Material provided:
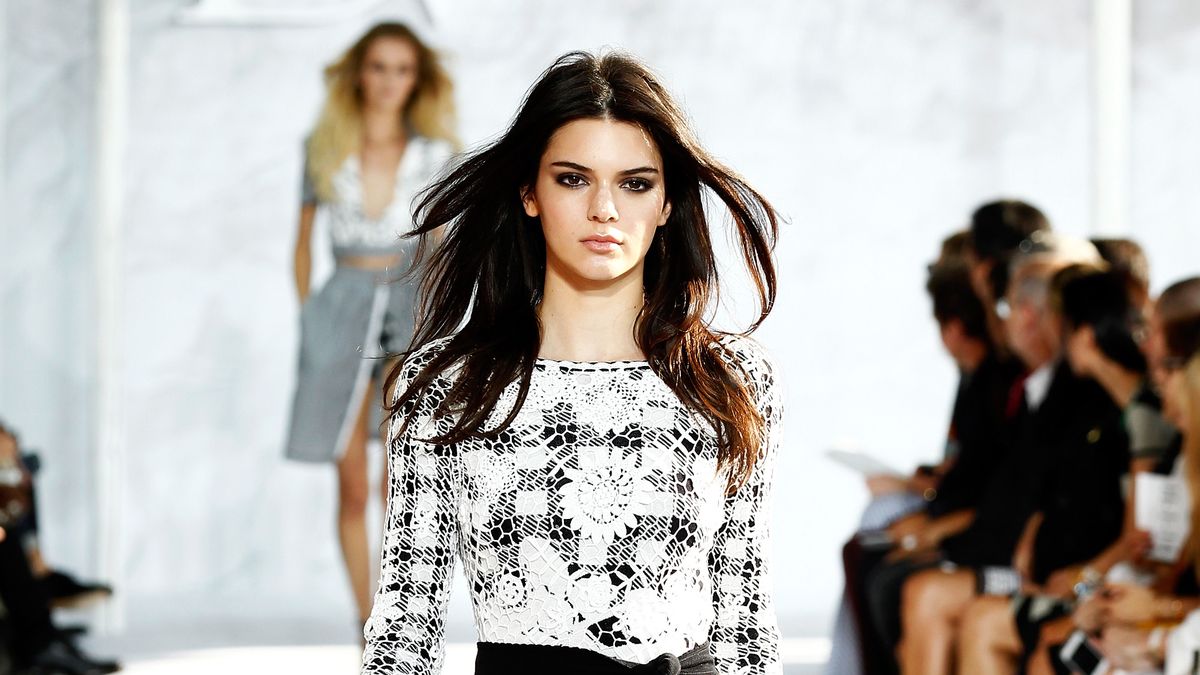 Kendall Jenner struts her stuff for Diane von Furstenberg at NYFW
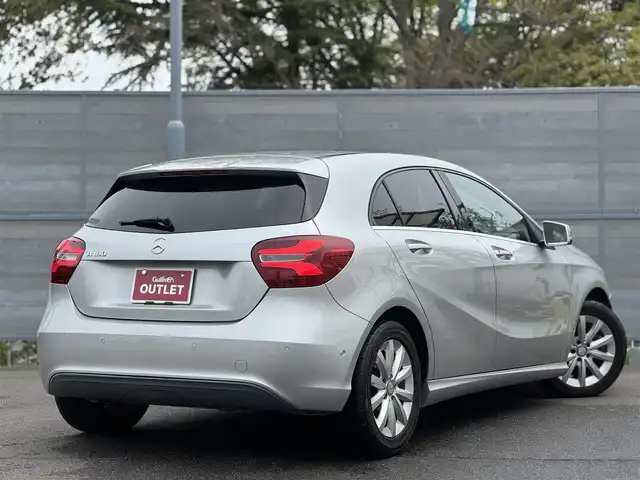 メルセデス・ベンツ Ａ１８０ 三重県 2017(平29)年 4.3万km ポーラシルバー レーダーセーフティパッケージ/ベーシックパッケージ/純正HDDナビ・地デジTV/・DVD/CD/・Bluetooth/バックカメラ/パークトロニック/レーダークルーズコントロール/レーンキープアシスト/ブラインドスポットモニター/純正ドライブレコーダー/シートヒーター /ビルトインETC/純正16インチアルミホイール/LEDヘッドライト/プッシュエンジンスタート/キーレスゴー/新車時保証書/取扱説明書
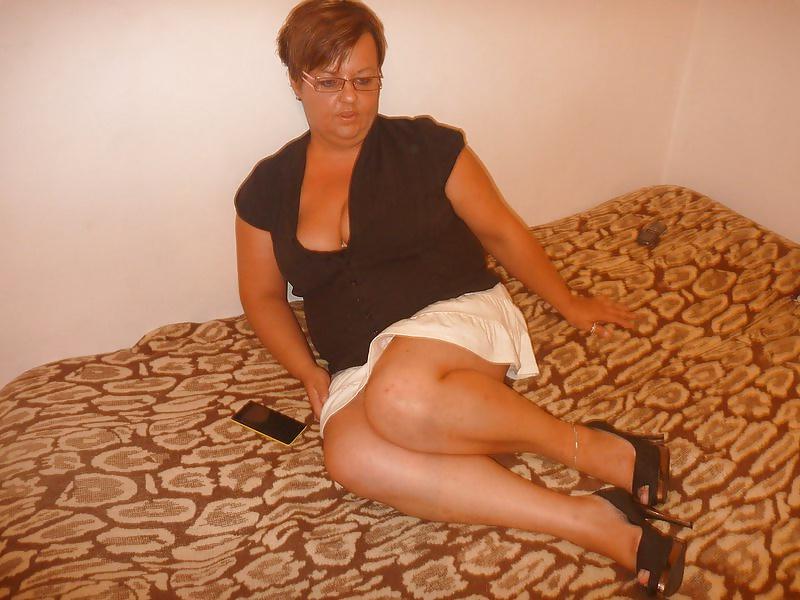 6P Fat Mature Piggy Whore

Exercise: Everything above except the pictures must be restated exactly.

Expected answer:
 Kendall Jenner struts her stuff for Diane von Furstenberg at NYFW
 メルセデス・ベンツ Ａ１８０ 三重県 2017(平29)年 4.3万km ポーラシルバー レーダーセーフティパッケージ/ベーシックパッケージ/純正HDDナビ・地デジTV/・DVD/CD/・Bluetooth/バックカメラ/パークトロニック/レーダークルーズコントロール/レーンキープアシスト/ブラインドスポットモニター/純正ドライブレコーダー/シートヒーター /ビルトインETC/純正16インチアルミホイール/LEDヘッドライト/プッシュエンジンスタート/キーレスゴー/新車時保証書/取扱説明書
 6P Fat Mature Piggy Whore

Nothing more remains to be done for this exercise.